Jamaica 50: Jimmy Cliff, Indig02, London
Nick Hasted has been a film journalist since 1986. He writes about film, music, books and comics for The Independent, Sight & Sound, Uncut and Little White Lies. He has published two books: The Dark Story of Eminem (2002), and You Really Got Me: The Story of The Kinks (2011), both from Omnibus Press.
Tuesday 07 August 2012
The weekend before this last of 12 gigs at this venue celebrating Jamaica’s 1962 independence, Usain Bolt leads the tiny nation’s dominance of the Olympics’ most iconic event, and West Indies manage a rare Test match win in Kingston.
But nothing beats Jamaica’s musical greatness, even more wildly disproportionate than Britain’s. And no one did more to give reggae its global foothold than Jimmy Cliff and the 1972 film he starred in and helped soundtrack, The Harder They Come .
Before Cliff, Max Romeo, gaunt in mustard-yellow garb with grey dreadlocks, heavily mines his 1976 album War Ina Babylon. If Britain is Babylon, it seems different tonight from the place of tense racist suffering the title song was felt to describe in the 1970s, among a good-humoured, multi-racial crowd long the British reggae norm. Romeo’s 1972 single “We Love Jamaica” is appropriately patriotic, though his country might not always have been so comfortable being celebrated by this Rastafarian radical.
Jimmy Cliff is, like Romeo, 64, but remains full of high-stepping energy and unfulfilled pop ambition when he arrives after midnight. He wears a small crown and a gold-patched disco quilt on one trouser leg, and sweat soon pours down the back of his bald head. “You Can Get It If You Really Want” sums up the striving, positive philosophy of a singing star born dirt-poor in a colonised nation. “Children’s Bread”, from his new album Rebirth , speaks out for the hard lives of still oppressed people. “Miss Jamaica” was a hit in the nation’s independence year when Cliff was only 14, reminding you that he’s a conduit for its whole musical history.
One reason Cliff missed the huge stardom of his contemporary Bob Marley, though, is his attraction to other styles. “Wide World” is a rock power ballad tonight. “Many Rivers to Cross” has lost some of the pure prayerfulness with which he used to sing it as, still pining for stadium success, he focuses on vocal power.
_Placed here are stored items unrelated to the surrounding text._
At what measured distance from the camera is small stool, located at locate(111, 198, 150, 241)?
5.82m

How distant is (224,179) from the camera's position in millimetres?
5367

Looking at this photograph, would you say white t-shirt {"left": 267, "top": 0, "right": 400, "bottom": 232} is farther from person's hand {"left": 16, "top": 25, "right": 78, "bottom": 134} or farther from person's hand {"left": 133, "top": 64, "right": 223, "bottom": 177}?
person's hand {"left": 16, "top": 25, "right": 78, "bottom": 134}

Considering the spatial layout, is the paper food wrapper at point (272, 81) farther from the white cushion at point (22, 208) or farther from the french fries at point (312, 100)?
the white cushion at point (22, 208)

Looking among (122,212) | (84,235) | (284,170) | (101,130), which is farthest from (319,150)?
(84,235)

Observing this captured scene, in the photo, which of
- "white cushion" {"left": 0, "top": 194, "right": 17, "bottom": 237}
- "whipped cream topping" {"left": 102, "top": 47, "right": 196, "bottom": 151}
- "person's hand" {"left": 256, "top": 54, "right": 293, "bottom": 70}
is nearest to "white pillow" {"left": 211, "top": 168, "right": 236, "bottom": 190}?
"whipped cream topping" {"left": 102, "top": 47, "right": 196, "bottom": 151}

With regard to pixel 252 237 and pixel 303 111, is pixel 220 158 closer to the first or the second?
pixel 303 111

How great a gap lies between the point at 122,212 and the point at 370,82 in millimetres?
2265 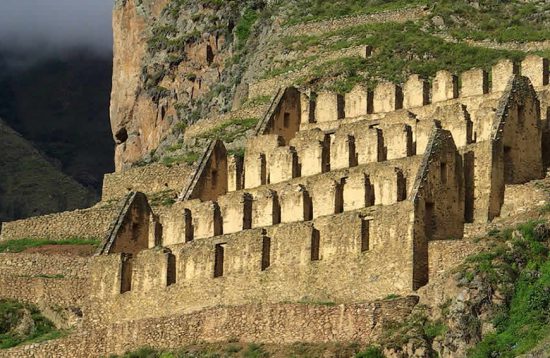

But the white cliffs of Dover he longs to cross in its lyrics, the border of a promised land or prison, remain poignant. “Bongo Man”, stretched to include redemption songs such as “Rivers of Babylon”, finds a deeper, pre-reggae spirit in its massed drums and chants. Though otherwise a little coarsened from his absolute best, Cliff is a great king for Jamaica’s jubilee.